Start of Block

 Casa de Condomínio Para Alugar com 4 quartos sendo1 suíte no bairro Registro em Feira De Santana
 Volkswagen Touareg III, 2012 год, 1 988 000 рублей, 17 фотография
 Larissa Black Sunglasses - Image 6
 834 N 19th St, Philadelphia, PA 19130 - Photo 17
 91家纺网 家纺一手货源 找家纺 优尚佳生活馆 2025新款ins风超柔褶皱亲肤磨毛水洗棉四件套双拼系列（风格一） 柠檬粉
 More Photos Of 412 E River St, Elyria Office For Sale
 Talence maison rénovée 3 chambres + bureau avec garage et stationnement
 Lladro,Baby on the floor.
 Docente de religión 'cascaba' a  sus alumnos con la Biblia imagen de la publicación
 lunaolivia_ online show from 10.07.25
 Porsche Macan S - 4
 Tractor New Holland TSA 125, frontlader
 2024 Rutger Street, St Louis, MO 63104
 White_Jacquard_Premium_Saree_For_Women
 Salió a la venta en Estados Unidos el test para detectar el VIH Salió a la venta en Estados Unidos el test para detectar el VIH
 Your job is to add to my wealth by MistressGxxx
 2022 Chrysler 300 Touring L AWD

End of Block

(TO DO) Lines from the one containing "Porsche Macan S - 4" through the last line of the data above are the only output wanted; restate them exactly.

(RESPONSE)
 Porsche Macan S - 4
 Tractor New Holland TSA 125, frontlader
 2024 Rutger Street, St Louis, MO 63104
 White_Jacquard_Premium_Saree_For_Women
 Salió a la venta en Estados Unidos el test para detectar el VIH Salió a la venta en Estados Unidos el test para detectar el VIH
 Your job is to add to my wealth by MistressGxxx
 2022 Chrysler 300 Touring L AWD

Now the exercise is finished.